* **Task to carry out**
Your copy of the lines below must match them exactly and contain no images.

*** Opening of Material to process ***

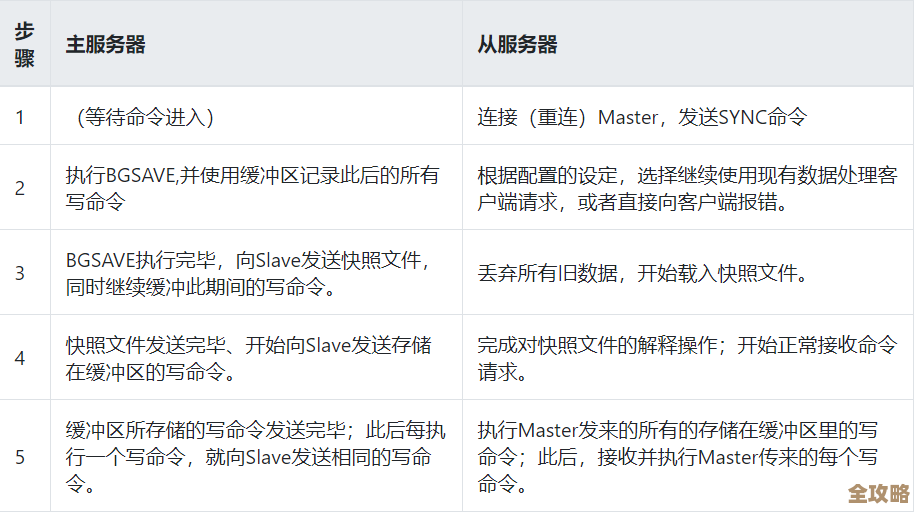 用Redis应对高并发面试那些坑和心得分享，聊聊真实体验
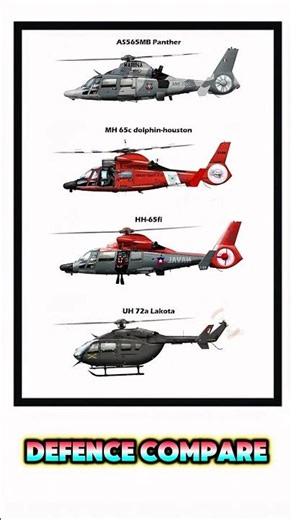 AS565MB Panther vs MH-65 Dolphin vs UH-72 Lakota | Military Helicopter Comparison 2025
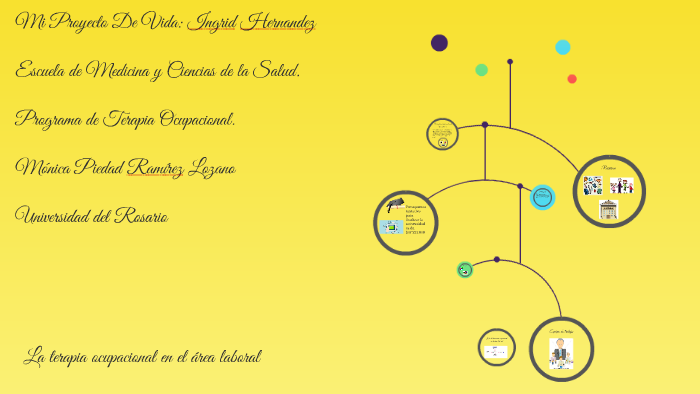 Mi Proyecto De Vida by Ingrid Hernández on Prezi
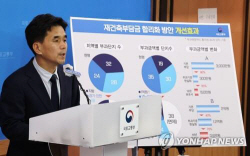 재건축 ‘대못’ 재초환 부담금 대폭 완화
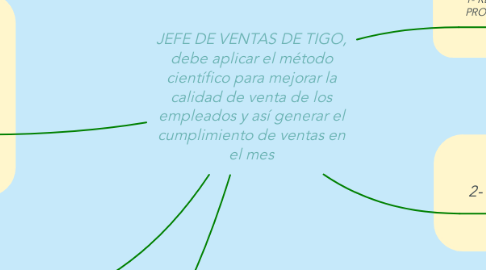 Mind Map: JEFE DE VENTAS DE TIGO, debe aplicar el método científico para mejorar la calidad de venta de los empleados y así generar el cumplimiento de ventas en el mes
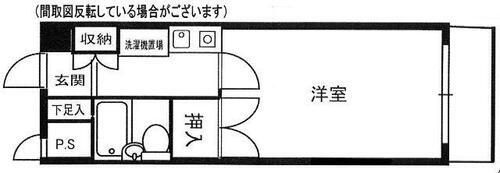 宮城県仙台市青葉区荒巻神明町 北仙台駅 1K マンション 賃貸物件詳細
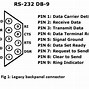 Image result for Serial Port Pin Diagram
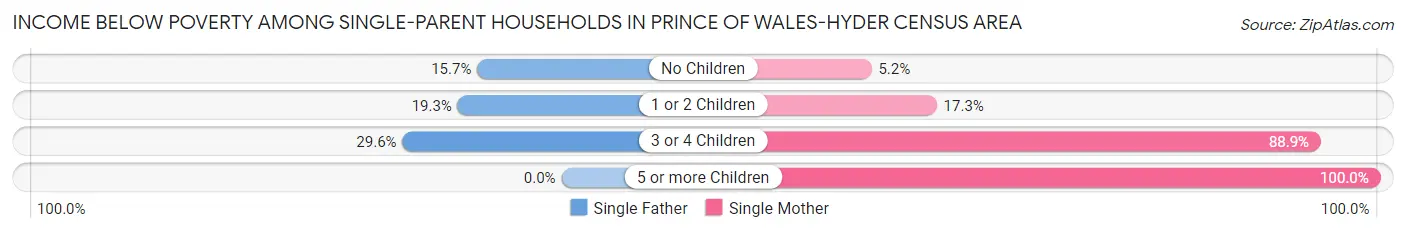 Income Below Poverty Among Single-Parent Households in Prince of Wales-Hyder Census Area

*** Close of Material to process ***

* **Written solution**
 用Redis应对高并发面试那些坑和心得分享，聊聊真实体验
 AS565MB Panther vs MH-65 Dolphin vs UH-72 Lakota | Military Helicopter Comparison 2025
 Mi Proyecto De Vida by Ingrid Hernández on Prezi
 재건축 ‘대못’ 재초환 부담금 대폭 완화
 Mind Map: JEFE DE VENTAS DE TIGO, debe aplicar el método científico para mejorar la calidad de venta de los empleados y así generar el cumplimiento de ventas en el mes
 宮城県仙台市青葉区荒巻神明町 北仙台駅 1K マンション 賃貸物件詳細
 Image result for Serial Port Pin Diagram
 Income Below Poverty Among Single-Parent Households in Prince of Wales-Hyder Census Area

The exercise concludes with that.